ANALYSIS AND METROLOGYYIELD MANAGEMENT
Implementing a yield management program to improve die yield
Avraham I. Ron, Tower Semiconductor
Because it reflects the amount of product available for sale, die yield is critical to the success of a semiconductor fabrication plant. Yield is also the most important factor in overall processing cost. This article describes a yield improvement project undertaken by Tower Semiconductor, a foundry in Migdal Haemek, Israel, that produces several dozen different products, each with the relatively low volume of a few hundred wafers. Five different technologies (1.0, 0.8, 0.6, and 0.5 µm, and EPROM) are fabricated with variations of dual and triple metal. The same facility also is used to develop such new technologies as analog, 0.35 µm, and 0.5- and 0.35-µm Flash. With this complex product mix, the company needs a yield management program that operates effectively to ensure that high yield levels are consistently maintained.
The ambitious goals of Tower's yield improvement effort included not only decreasing the defect densities of existing technologies within 6 months and bringing the foundry's die yield to a worldwide level based on an entitlement database, but also setting a yield improvement infrastructure in place for all future technologies. The following sections outline the systematic approach that was taken to meet these goals and describe how a yield management methodology was successfully modified to fit the fab's needs. This article also describes how the company's goals were successfully met.

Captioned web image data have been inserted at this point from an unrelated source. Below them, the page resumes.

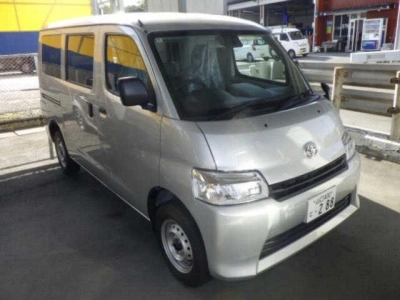 TOYOTA TOWN ACE VAN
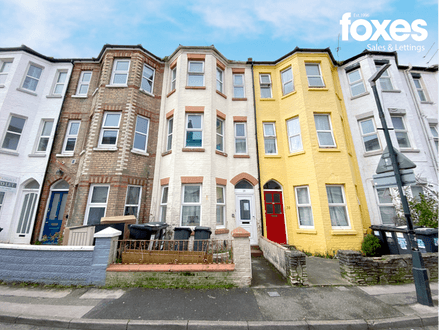 A fully licenced seven bedroom HMO property located in Bournemouth town centre and close to the beaches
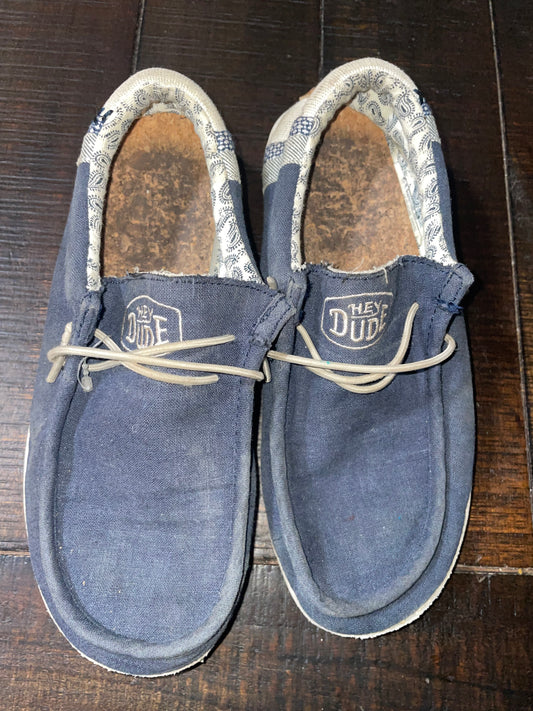 Seller #121 Hey Dude Size Y5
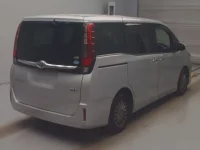 Toyota ESQUIRE лот № 79 оценка 3.5  с аукциона в Японии 1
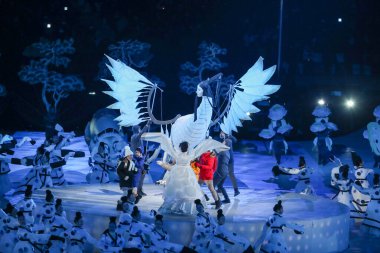 PYEONGCHANG, Güney Kore - 9 Şubat 2018: 2018 Kış Olimpiyatları Açılış Töreni. Olimpiyat Oyunları 2018, PyeongChang Olimpiyat Stadyumu 'nda renkli bir törenle resmen açıldı. 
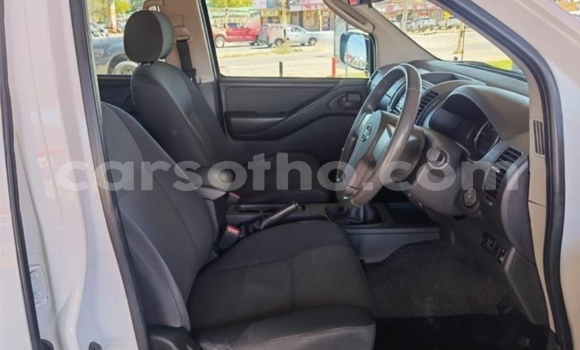 Acheter Occasion Voiture Nissan Navara Blanc à Maputsoa, Leribe Acheter Occasion Voiture Nissan Navara Blanc à Maputsoa, Leribe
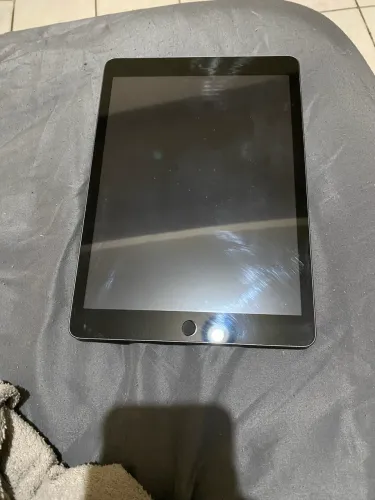iPad 9 seminovo 64gb Prata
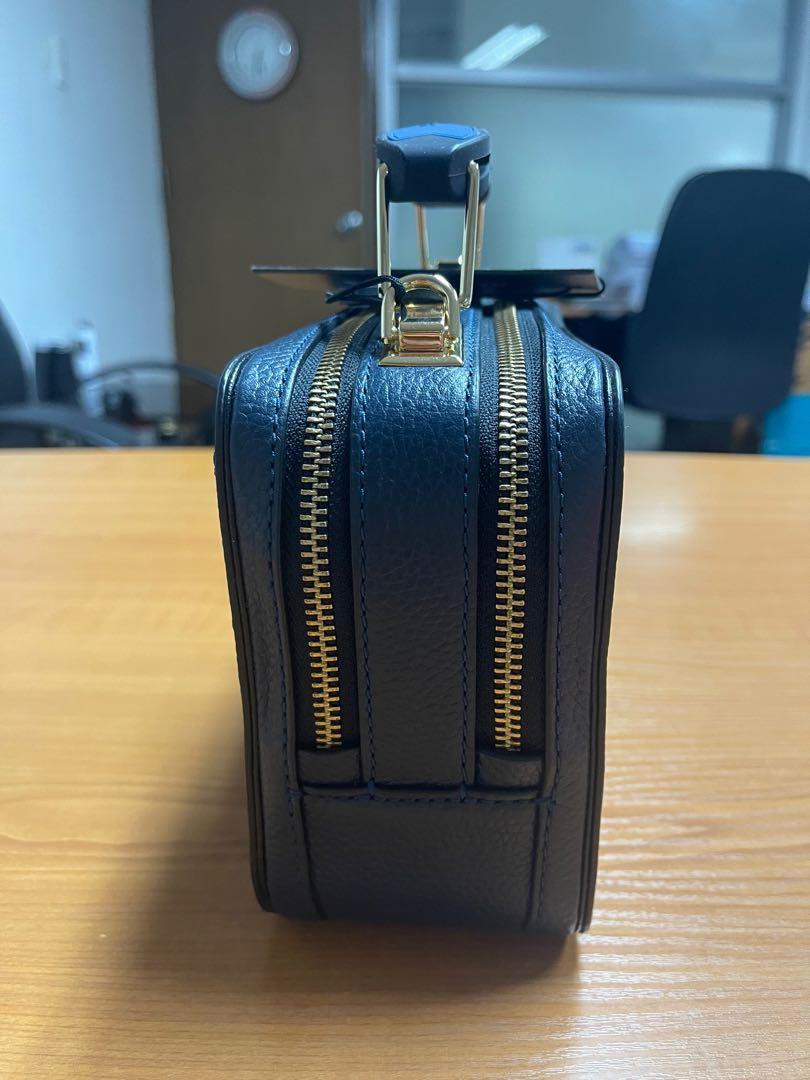 Marc Jacobs The Box Bag (Category: Luxury Bags & Wallets) located in Makati City. Submitted by elizarthmary (Listing ID 1099399733, Image 3). Description: .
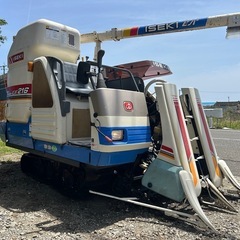 イセキ 2条刈り 70時間　コンバイン HV216Gグレンタンク 16馬力 オーガ 刈取 稲刈 パワステ 自動こぎ深さ カッター HST 刈取スライド　ディーゼル　ビバ216 ワンオーナー 宮崎　時間少ない　動画ありの画像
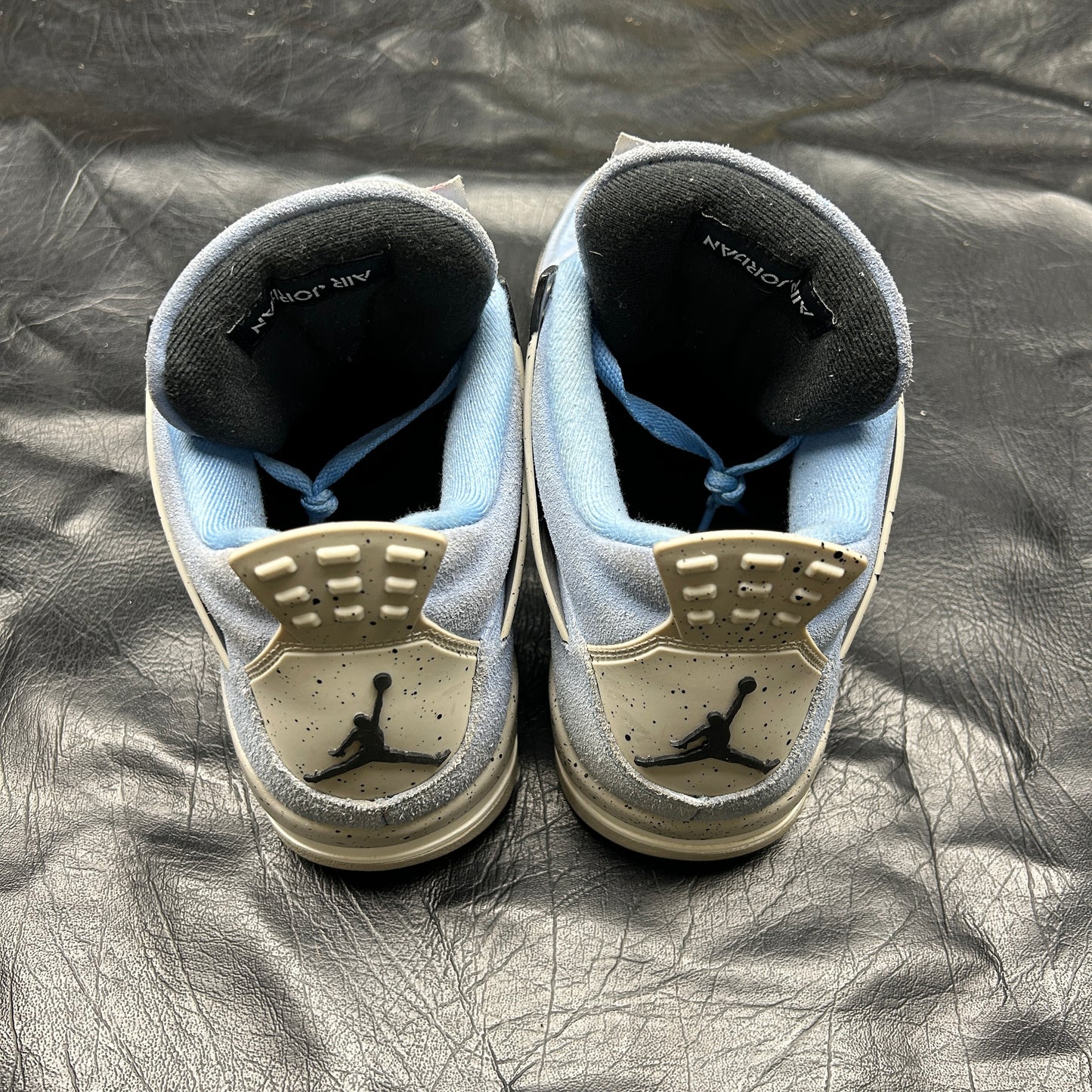 Jordan 4 Retro University Blue (Pre-Owned) Size 10.5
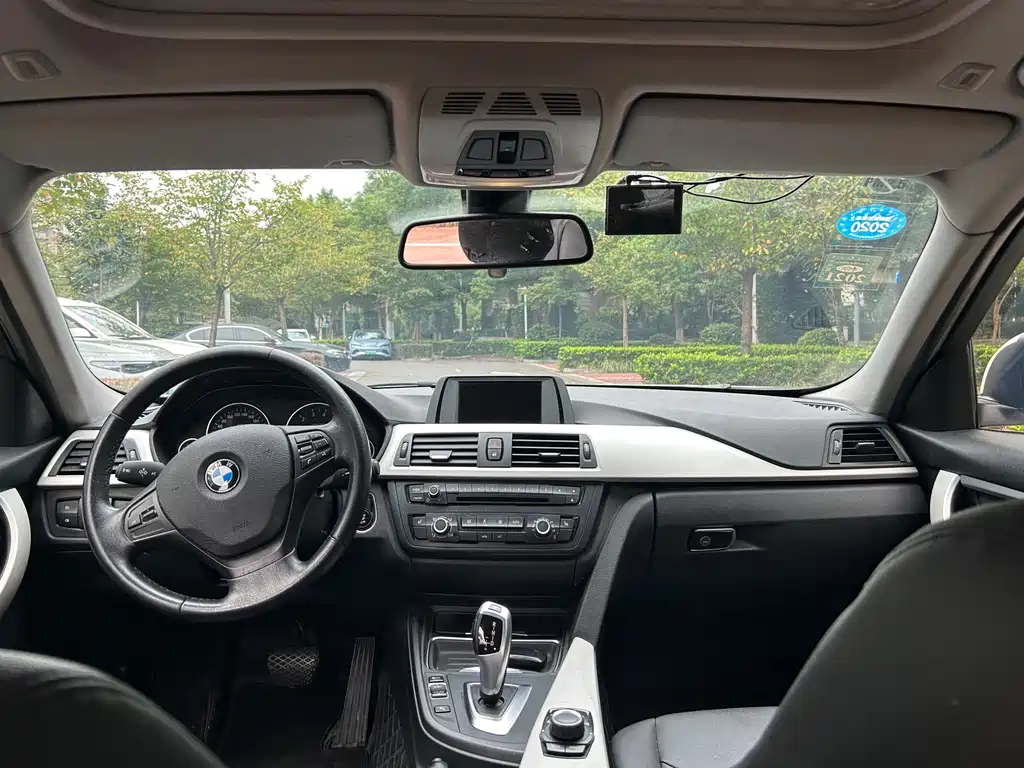 BMW 3 Series — миниатюра 15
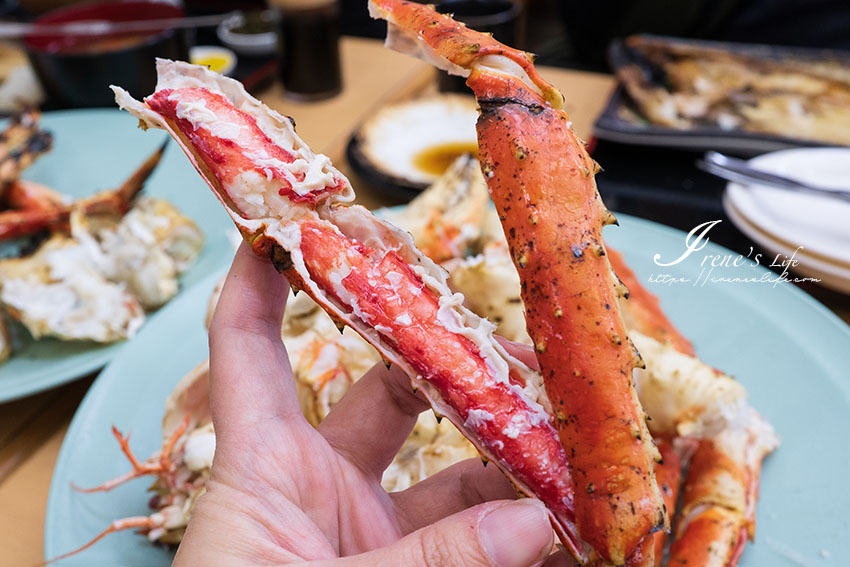 札幌場外市場吃現撈帝王蟹！早餐就吃痛風餐，杉山水産 根室かに市場一蟹二吃超滿足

Seven Steps to Yield Enhancement
During the first half of 1996, Tower invited the KLA-Tencor yield management group to collaborate on its yield improvement project. The group analyzed the status of the fab's existing technologies and, through detailed reports, proposed a new methodology for handling yield enhancement, which evolved into the following seven-step plan: (1) gaining and broadcasting management commitment and support, (2) establishing yield expectations, (3) setting the yield learning rate, (4) establishing baseline process defect levels and goals, (5) establishing equipment defect levels and goals, (6) supplementing defect density reduction efforts with end-of-line testing, and (7) making yield improvement a part of the company culture. A flowchart of selected elements of this plan is shown in Figure 1.
Figure 1: Flowchart of the systematic die yield and defect density improvement scheme.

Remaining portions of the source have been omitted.